(Note: The first Top 3 tracker for season 12 should be up later today)
A new feature this year is the Top 3 tracker. Here I give the relative probabilities that the contestants will make the Top 3 given their standing at present.
The T3T works by using the projected IdolAnalytics week-to-week not-safe probability as an explanatory variable. The following chart shows the assigned not-safe probability for first finals voting round (called Round 2 by the model) for seasons 5-11. The points represent outcomes from previous seasons. The x-axis denotes the probability of being in the bottom 3 in that round assigned by the model. The y-axis represents whether or not they eventually made it to the Top 3, with 1 being “yes” and 0 being “no” (a small amount of vertical jitter has been applied so that overlapping points can be seen).
The blue curve is a regression line giving the estimated probability of making the Top 3 for any given assigned round 2 not-safe probability. For example, if this week the contestant had a 0.25 chance of being not-safe, his chance of making the Top 3 is only about 20%. But if he had a 0.1 chance of being in the bottom 3, his chances of making the Top 3 are about 50%. Hover your mouse cursor over the points to see which contestants they belong to.
You can see, roughly speaking, the “yes” (1) points are clustered to the left, and the “no” (0) points are more dense toward the right. Logically, a high chance of being in the bottom 3 in the Top 12 or Top 13 round means you are less likely to make it to the Top 3.
The model is still fairly uncertain during the Top 12. However, anybody with a not-safe probability of > 0.27 is unlikely to make the Top 3. It’s happened only twice in the time-frame we model (Syesha Mercado and Haley Reinhart). However, having a low not-safe probability at this point is not a guarantee of making the Top 3 (see, for instance Chris Daughtry and Siobahn Magnus).
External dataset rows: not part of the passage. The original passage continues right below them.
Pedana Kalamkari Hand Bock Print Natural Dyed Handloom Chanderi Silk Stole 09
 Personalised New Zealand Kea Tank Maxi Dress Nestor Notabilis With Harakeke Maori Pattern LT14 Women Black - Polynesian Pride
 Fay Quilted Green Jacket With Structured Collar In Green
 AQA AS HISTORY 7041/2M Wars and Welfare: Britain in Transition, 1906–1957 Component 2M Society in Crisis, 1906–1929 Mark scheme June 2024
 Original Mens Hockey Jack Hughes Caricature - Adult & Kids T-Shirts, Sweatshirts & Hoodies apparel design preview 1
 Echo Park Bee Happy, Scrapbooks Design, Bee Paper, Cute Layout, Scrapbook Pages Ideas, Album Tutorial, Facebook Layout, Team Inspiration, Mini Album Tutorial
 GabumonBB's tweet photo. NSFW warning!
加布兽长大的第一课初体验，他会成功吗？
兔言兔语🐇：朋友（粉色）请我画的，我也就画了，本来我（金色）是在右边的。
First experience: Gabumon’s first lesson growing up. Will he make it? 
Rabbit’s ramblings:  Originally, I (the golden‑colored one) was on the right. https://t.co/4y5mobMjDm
If we look later in the contest, the model has to a certain extent converged:
In round 5 (normally the Top 8), the not-safe probabilities of people who did not make the Top 3 are significantly higher on average than those who did make the Top 3 (note that the probabilities used here are the average of round 4 and round 5). Nobody with a not-safe probability of less than 0.2 has ever not made the Top 3, and nobody with a score over about 0.43 ever has. Rarely has someone with > 0.3 made it to the Top 3. The region from 0.27 to 0.37 represents people who are “on the bubble”. They could go either way, and it depends on whether they can turn things around.
Because the data begins to get sparse in later rounds, an averaging mechanism has been employed. This reduces some of the week-to-week noise inherent in the model and returns a better overall fit to the observations. Rounds 5-7 use a two-week average, and 8-9 use a three-week average. This methodology is consistent with a belief that the contest largely hardens as the weeks go by, as people have chosen their favorite by then.
Why only a Top 3 tracker, rather than a straight up winner tracker? It turns out that it’s pretty hard to tell what’s going to happen in the Top 3 before it actually happens. Some races have turned on a dime as one contestant picks up a lot of new voters from the eliminated contestant. This kind of coalition building has probably happened in a few years, most notably with Kris Allen and Lee DeWyze. Thus, the fact that the tracker only attempts to ascertain who will be in the Top 3 represents the amount of uncertainty there still is.
As with the week-to-week forecast, this represents kind of conventional wisdom. Early rounds the model considered Pia Toscano to be a lock for Top 3, which is what many people thought, and it was wrong. It also thought Syesha Mercado was not going to make it, like most people did, and was wrong. However, it is right much more often than wrong, which is all one can hope for. The model isn’t designed, nor could I design it, to be capable of seeing difficult-to-foresee events. All it can do is make a reasonable inference based on previous years, and in that is seems to largely succeed. Once a precedent happens, the model never forgets that, but it also doesn’t go nuts when a weird result happens.